For the data below, retype word for word the lines from the one containing "De ce un email" through the one containing "2023 Porsche 911 Carrera 4 GTS Coupe"; drop the pictures.

Material for this task START

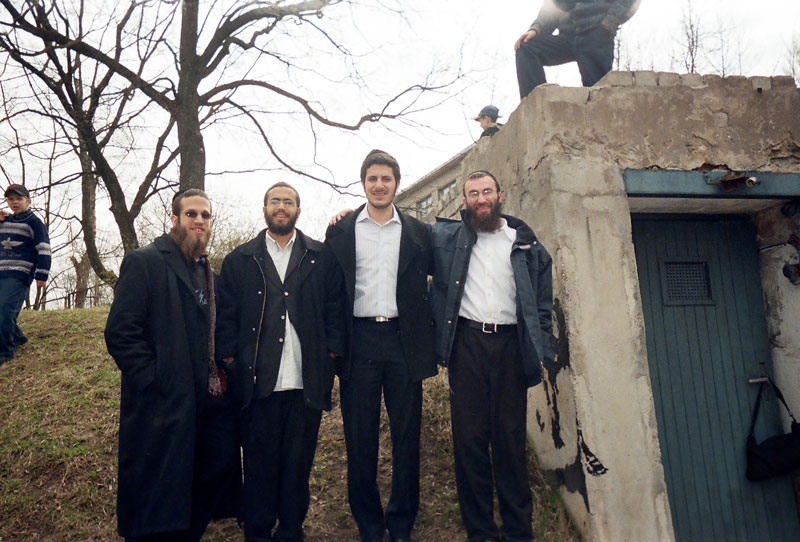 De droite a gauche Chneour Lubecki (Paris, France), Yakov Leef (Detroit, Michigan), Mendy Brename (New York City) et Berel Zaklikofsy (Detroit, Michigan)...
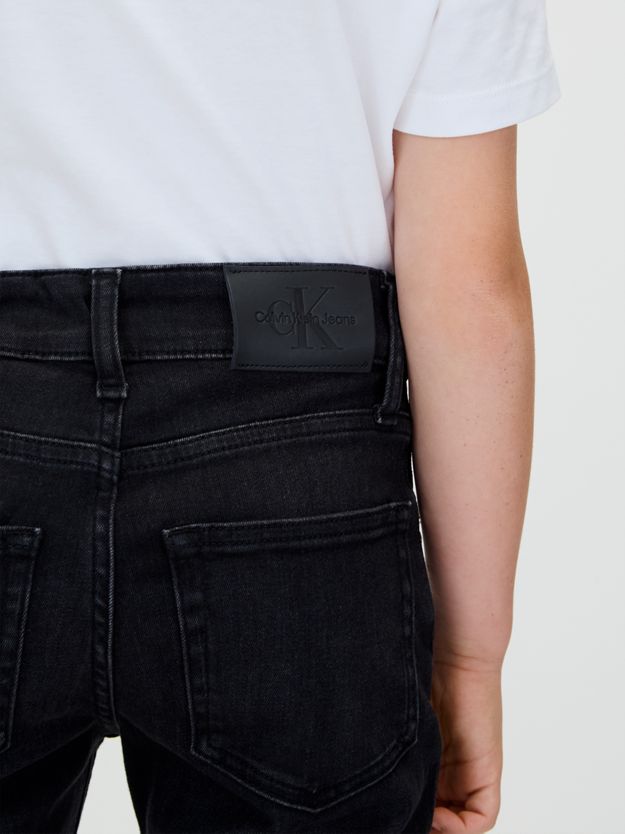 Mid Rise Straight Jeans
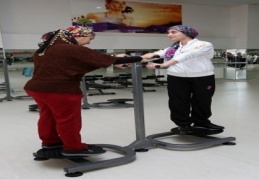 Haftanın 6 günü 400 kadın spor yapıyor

Material for this task END
Material for this task START

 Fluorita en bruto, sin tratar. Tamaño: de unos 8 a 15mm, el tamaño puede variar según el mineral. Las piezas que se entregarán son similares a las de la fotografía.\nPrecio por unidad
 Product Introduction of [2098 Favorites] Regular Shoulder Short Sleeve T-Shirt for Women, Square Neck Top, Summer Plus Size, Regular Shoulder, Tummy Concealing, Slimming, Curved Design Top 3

Material for this task END
Material for this task START

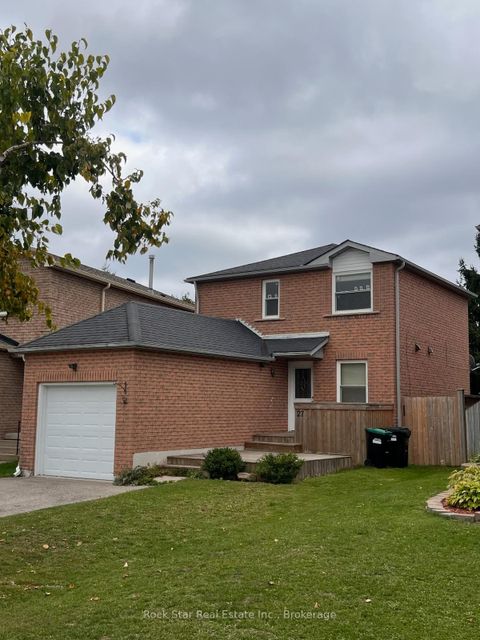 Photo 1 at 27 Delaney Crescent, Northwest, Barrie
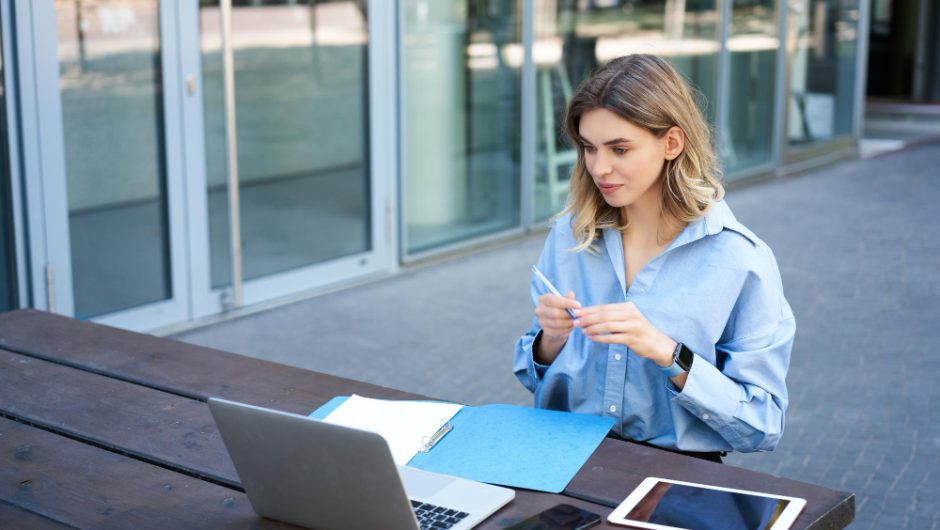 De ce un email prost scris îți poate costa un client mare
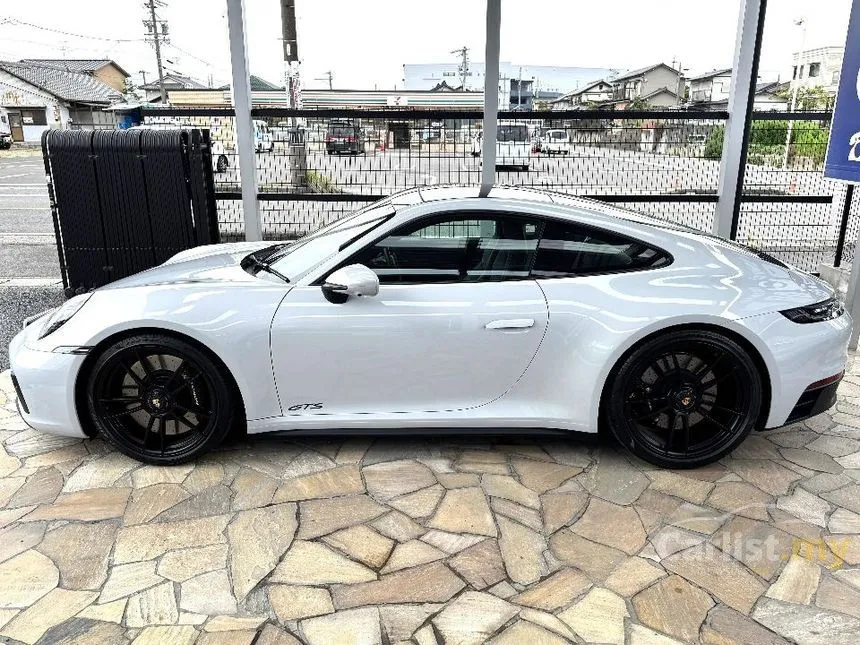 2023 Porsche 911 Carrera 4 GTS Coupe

Material for this task END

■ Answer area:
 De ce un email prost scris îți poate costa un client mare
 2023 Porsche 911 Carrera 4 GTS Coupe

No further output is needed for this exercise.